Powerful Block Push

Given that the applied force $F(t)$ is such that the power $P$ is a constant. Denote that mass and the instantaneous velocity of the be $m=\text{1500 kg}$ and $v(t)$ respectively.

$\begin{aligned} P & = {\color{#3D99F6}F(t)}v(t) & \small \color{#3D99F6} \text{Newton's 2nd law: } F = ma = m\frac {dv}{dt} \\ P & = {\color{#3D99F6}m}v\color{#3D99F6}\frac {dv}{dt} \\ \int_0^{10} P\ dt & = \int_0^{\frac {100 \times 10^3}{60\times 60}} 1500 v \ dv \\ Pt \ \bigg|_0^{10} & = \frac {1500 v^2}2 \ \bigg|_0^{\frac {100 \times 10^3}{60\times 60}} \\ \implies P & = \frac {1500}{2 \times 10}\left(\frac {100 \times 10^3}{60\times 60}\right)^2 \\ & \approx 57870.370 \text{ kW} \times \frac 1{\text{746 kW}} \\ & \approx \boxed {77.574} \text{ horsepower} \end{aligned}$

Velocity of body after $10s=100kph=\frac{250}{9} m/s=v$

$P=\frac{E}{t}$

$E_{kinetic}=\frac{1}{2}mv^2$

$=\frac{1500×250×250}{2×9×9}$

$=\frac{150×250×250}{3×9}$

$t=10s(given)$

So, $P_{horsepower}=\frac{E}{t}=\frac{150×250×250}{3×9×10×746}=\boxed{\boxed{77.5742..}}$

Note : $P$ is power, $E$ is energy, $t$ is time, $v$ is velocity , $m$ is mass

Since power is constant, work done by the force is proportional to time.
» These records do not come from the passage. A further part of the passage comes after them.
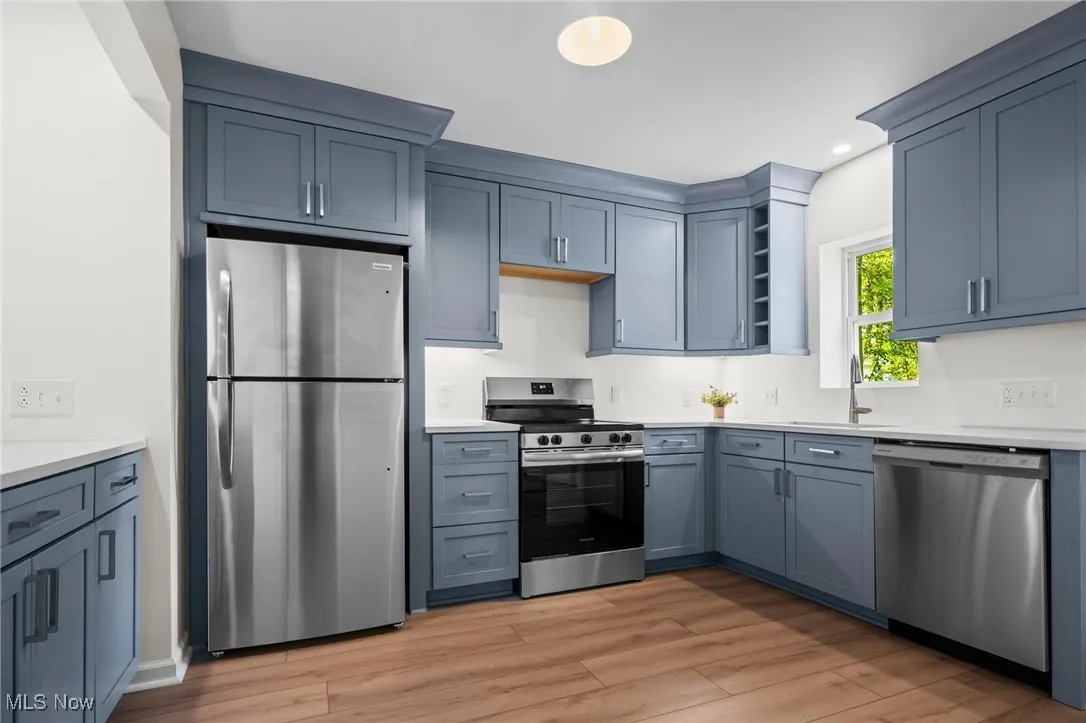 Kitchen with appliances with stainless steel finishes, a sink, light countertops, light wood finished floors, and recessed lighting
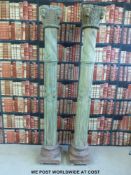 A pair of carved pine columns with octagonal central section (height approximately 210cm)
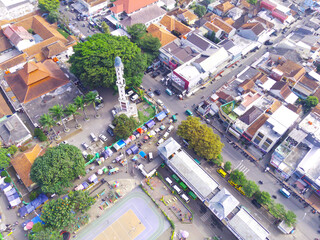 Cicalengka, West Java, Indonesia - 24 July, 2022 : Abstract Defocused Aerial Photo of Cicalengka Square in the morning which is crowded with visitors and there are sports fields and bus stops in the v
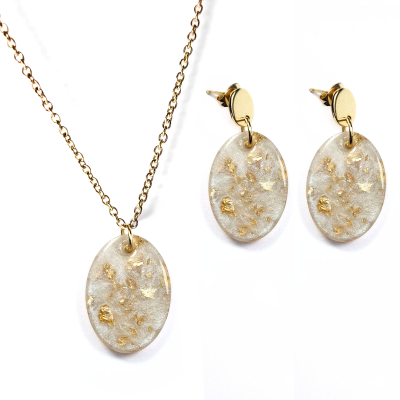 Conjunto de joias com colar e brincos com pendentes ovais transparentes e detalhes dourados.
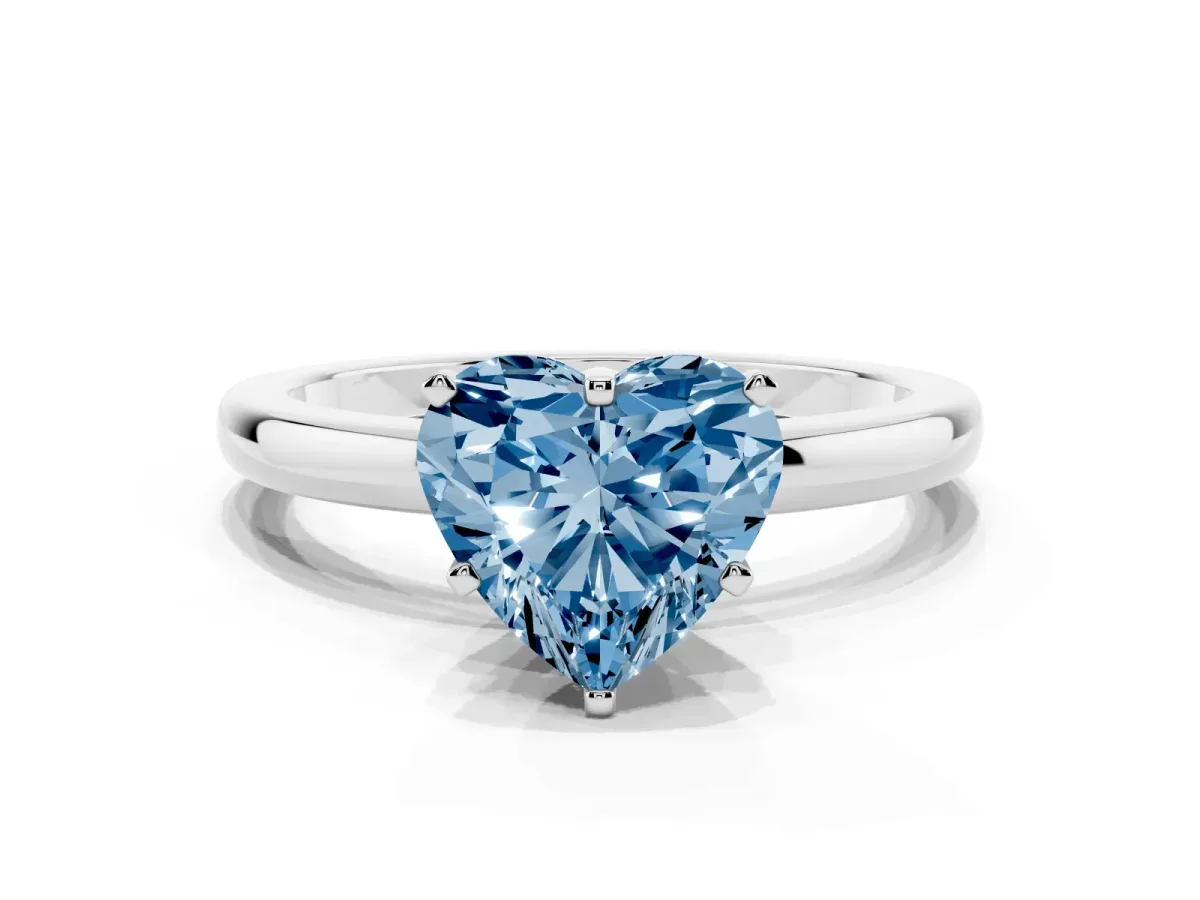 Fancy Blue Heart Cut Solitaire Diamond Ring with Six-Prong Setting on a Classic Band Platinum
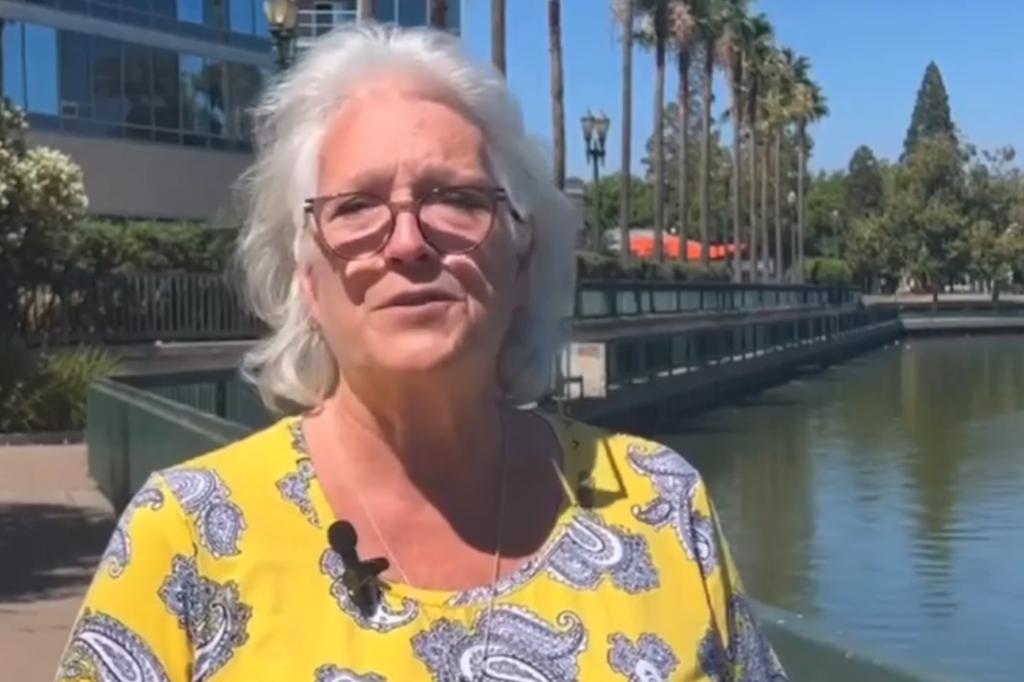 Karen cammer looking at the camera, with grey hair, glasses and a yellow and greyt op, outside with palm trees behind her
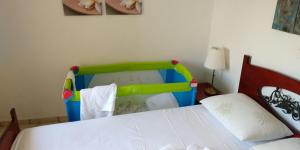 Posteľ alebo postele v izbe v ubytovaní Natalia's Apartments
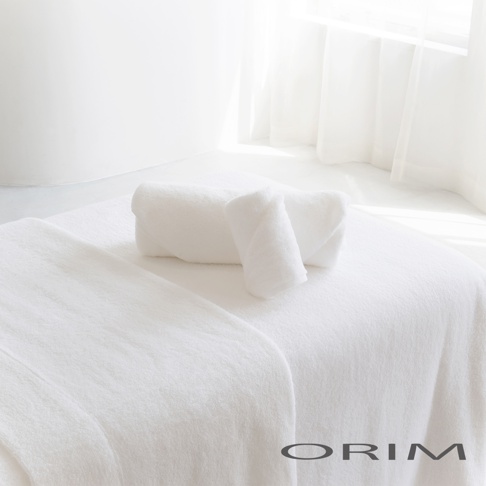 純白色毛巾兩條，一條捲成圓筒狀，另一條對折後呈扇形，擺放在白色毛毯上。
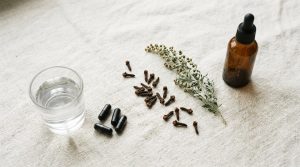 A glass of water with activated charcoal capsules set apart from an amber tincture bottle, with clove buds and wormwood between them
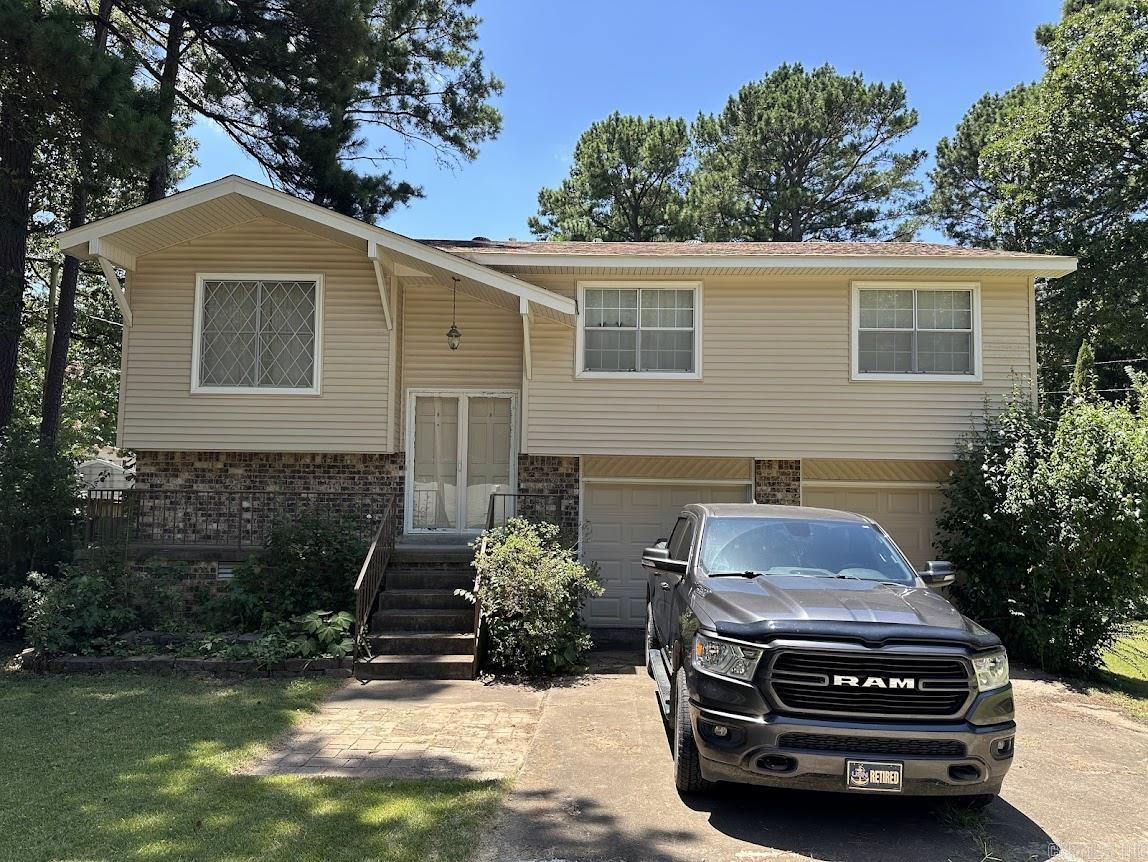 Spacious 4 bedroom, 3 bath home in a great West Little Rock location! Conveniently situated near hospitals, shopping, and dining, this property has tons of potential. Features include a screened-in back deck, cozy fireplace, attached 2-car garage, and an in-ground pool. Nestled on a quiet cul-de-sac, this home offers both privacy and convenience. It is priced to allow for a little TLC making it a fantastic opportunity for someone ready to add their personal touch. No seller property disclosure.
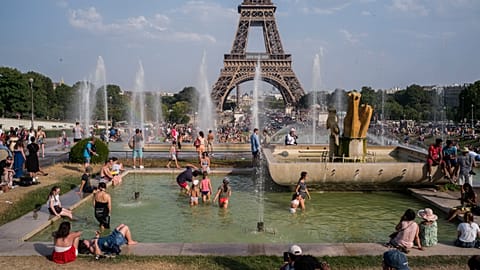 People enjoy the sun and the fountains of the Trocadero gardens in Paris.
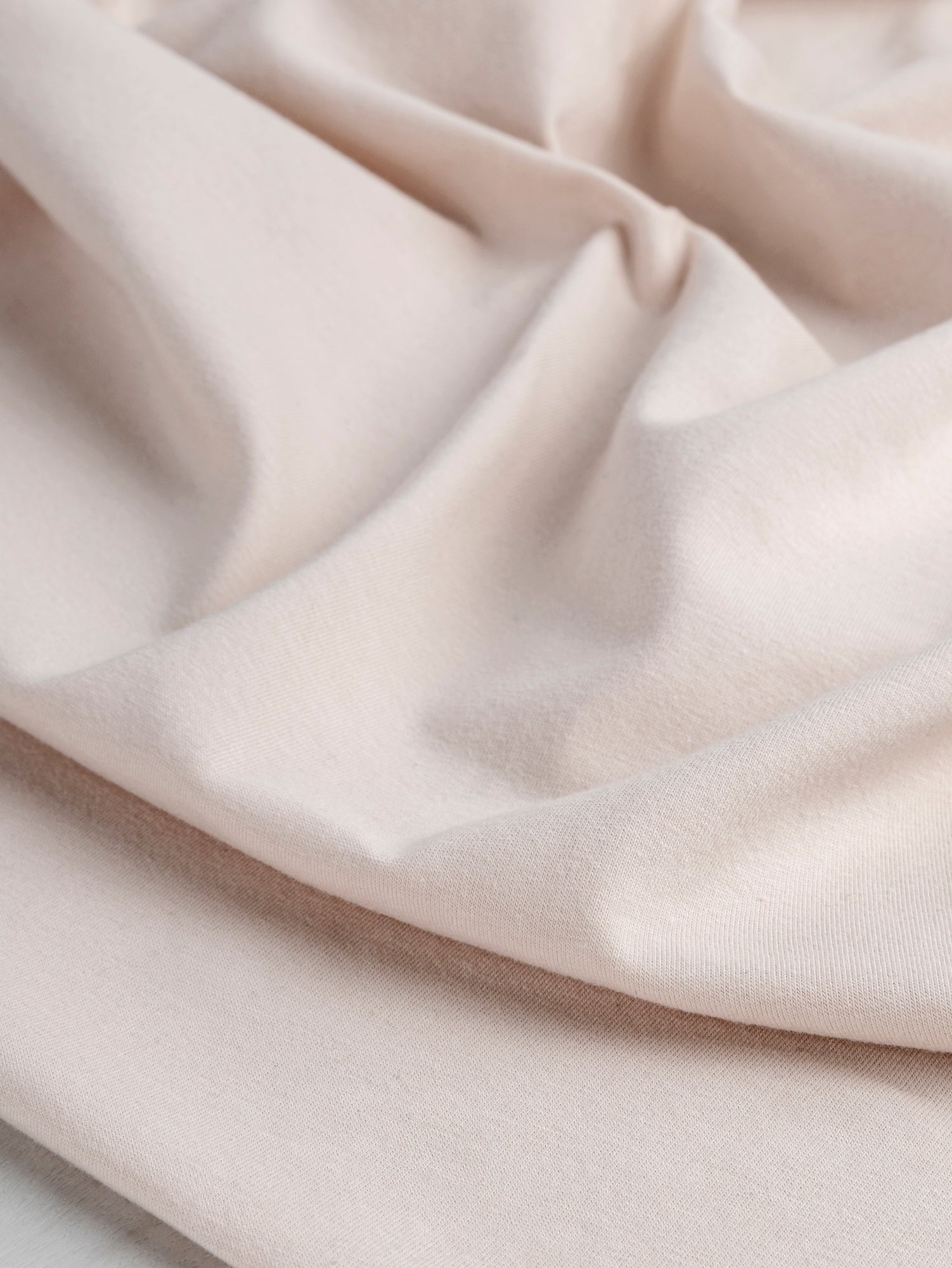 F-COT363-005-Organic-Cotton-Spandex-Jersey-Knit-Blush-Core-Fabrics-scrunched.JPG
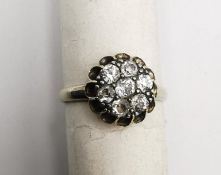 An early 20th century white metal (tests as 14 carat or higher) floral form diamond cluster ring.
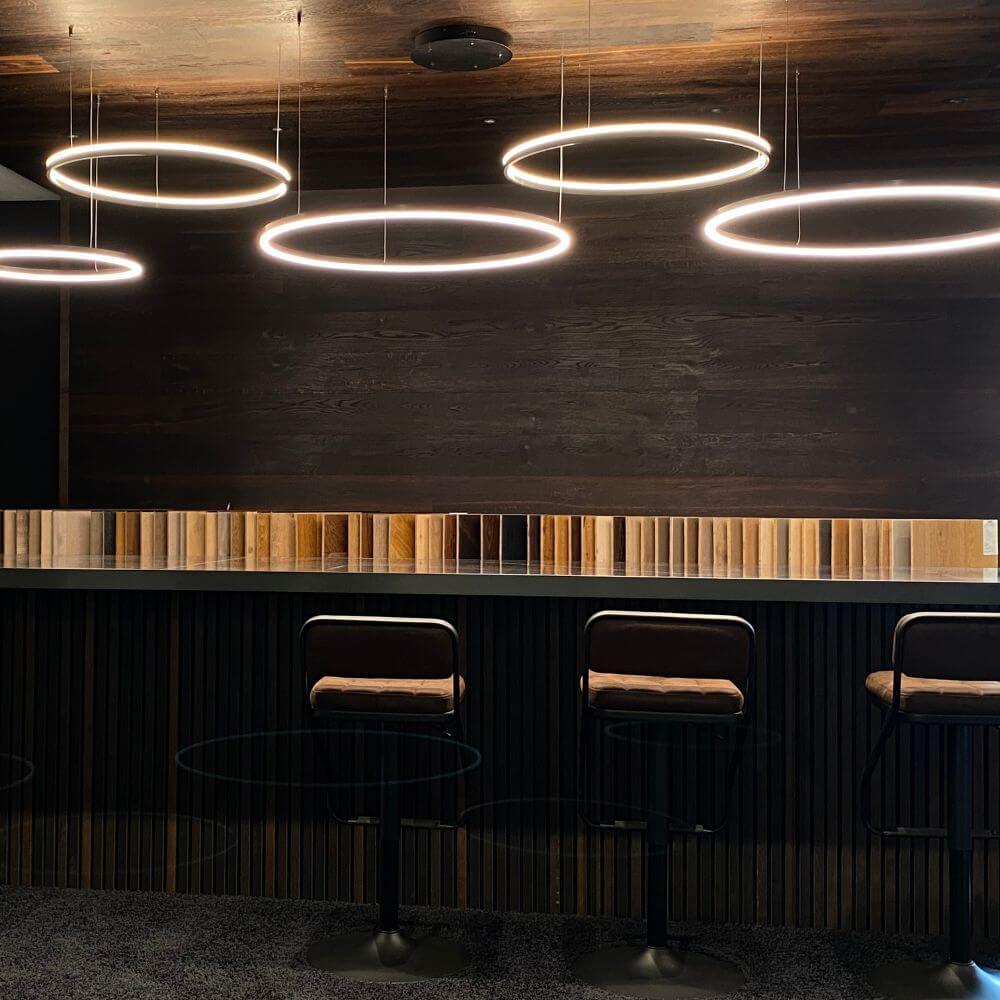 s.luce LED Ring Hängeleuchte 5-flammig Exzentrisch über einer modernen Bar mit Holzdetails.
By the Work-Energy theorem, work done by the force equals the change in kinetic energy of the body. Therefore, power is the ratio of the change in kinetic energy of the body and time. Since initial K.E. of the body is zero, power is the ratio of the final K.E. and time, which is equal to 57870.37 Watt or 77.574 H.P.